## Description of the task
The lines to copy run from the one containing "Vorderseite einer Produktverpackung" to the very end of the records; give them exactly, and only them, without pictures.

--*--

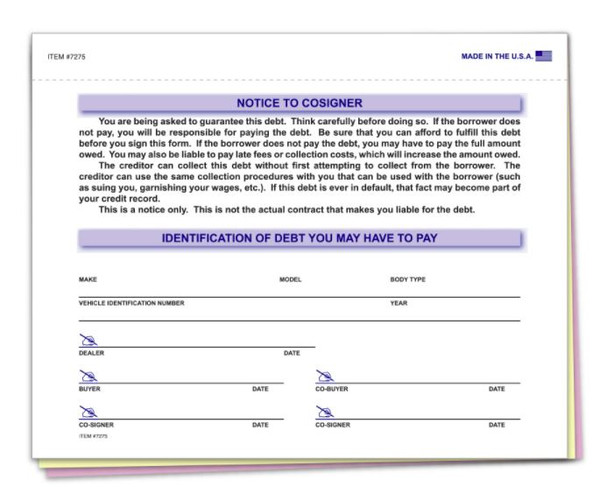 Notice to Co -Signer (#7275)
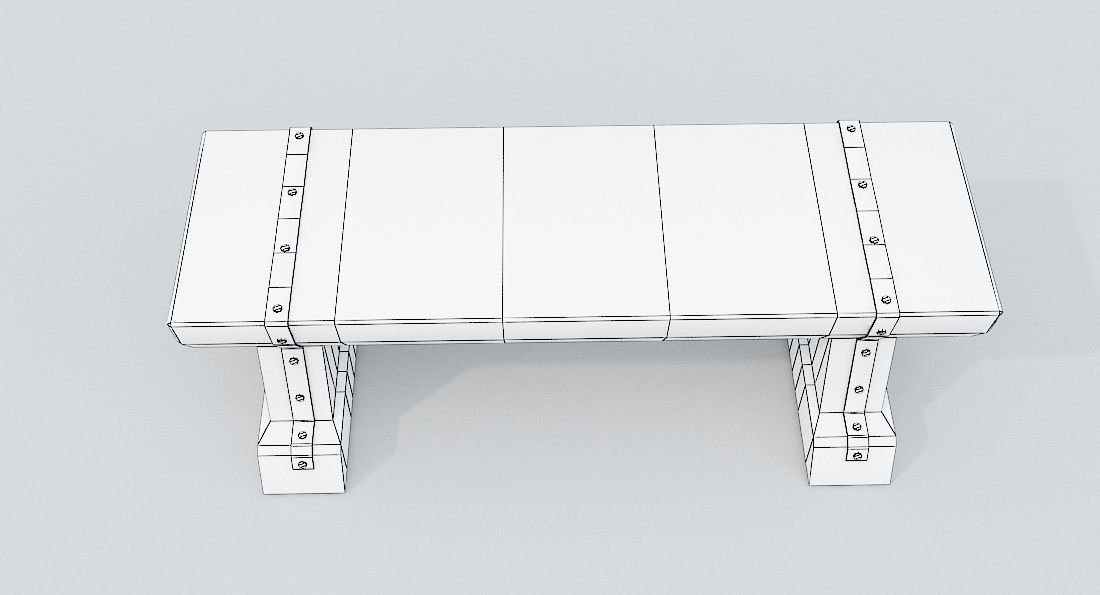 Wooden Bench  Low-poly 3D model_11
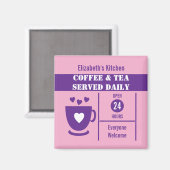 Coffee lovers custom name pink purple magnet (Vorderseite/Rückseite)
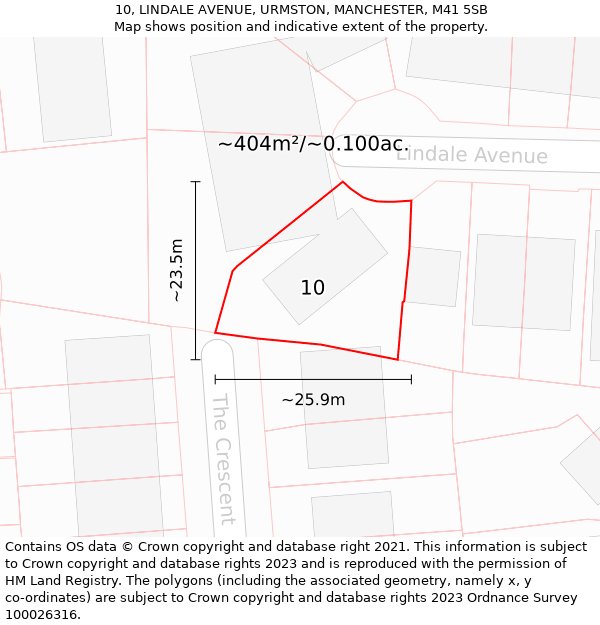 10, LINDALE AVENUE, URMSTON, MANCHESTER, M41 5SB: Plot and title map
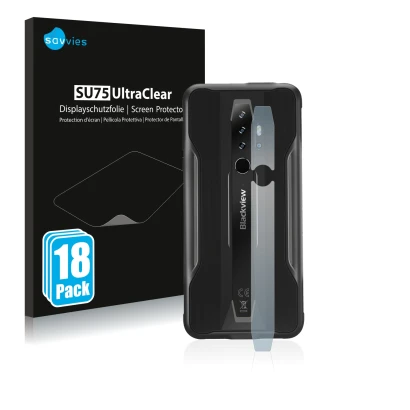 Vorderseite einer Produktverpackung mit dem Markenlogo Savvies. Daneben ist das Gerät Blackview BV6300 Pro (NUR Kameraschutz) 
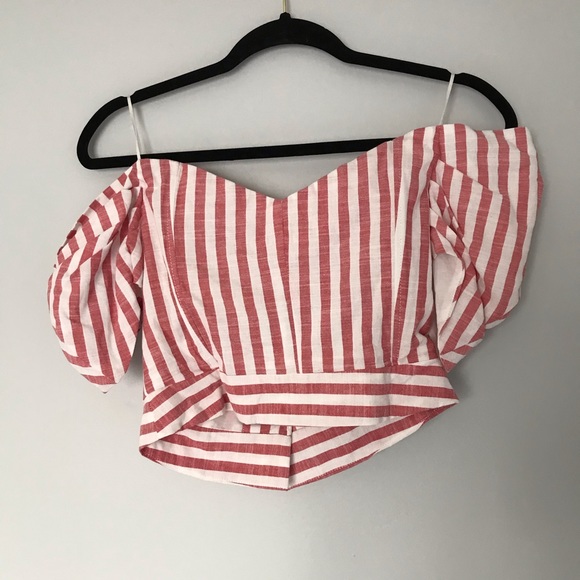 Topshop striped strapless top - Picture 3 of 5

--*--

## Completed exercise
 Vorderseite einer Produktverpackung mit dem Markenlogo Savvies. Daneben ist das Gerät Blackview BV6300 Pro (NUR Kameraschutz) 
 Topshop striped strapless top - Picture 3 of 5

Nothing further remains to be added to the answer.